Connections of both horses felt that The Meadowlands was the perfect venue for their retirement festivities.

“To be brutally honest, it’s the last race on the schedule, but fittingly, it’s a place where she had her glory,” said Taylor. “She’s the track record holder there [1:49.1, tied with Ecurie D DK], she’s the Hambletonian winner there, she’s done a lot of good there. And it’s the center of the harness racing world. So, what better setting for her to have her last race?

“Even if I didn’t own her, she’s the kind of horse, and there’s not been that many, that I would go to the track to watch her race just to say that I saw her race. To me, she’s that special. And the battles with Manchego and now Bella Bellini are just amazing. She’s just unbelievable. Never makes a break, gives you 110 per cent every start. Just an amazing animal.”

Darling agreed that retiring Bulldog – a son of Shadow Play out of the Artsplace mare BJ’s Squall – at The Big M, where he went 1:45.4 and became the fastest harness horse in history, is appropriate.

“At the first of the year, I just remember thinking that race is quite late in the year and there’s a 30-day gap in his schedule, so at the time, I wondered if we’d be sticking around for that, but it worked out well,” said Darling. “He’s as good now as he’s even been.

“He’s got the greatest demeanor for a stud that you can imagine.

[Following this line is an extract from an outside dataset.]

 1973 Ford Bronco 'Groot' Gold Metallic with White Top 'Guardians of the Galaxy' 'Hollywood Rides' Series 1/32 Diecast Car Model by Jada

I’ve described him many times as the most perfect horse I’ve ever run across. If he could just pass on his talent, his heart, the lungs he’s got, breathing capacity, the amount of try he’s got and he’s got such a great mind to him. His attitude and his mind, he’s almost half human sometimes, I think. If he could pass all those traits on, he could really help the breed. I’m just really excited for what this horse could do as a sire. I’m just so happy that he’s going to get the chance to show what he can do.”

As for the possibility of Horse of the Year honors, Darling and Grant are playing it close to the vest.

“There’s no doubt he should be mentioned,” said Grant. “What happens will happen. He’s done a great job, so he’ll definitely get mentioned and if he wins it, that would be a bonus.”

“I’m always slightly superstitious,” said Darling. “I don’t like to get ahead of myself. I don’t like to count my chickens but that would be a great honor for him.”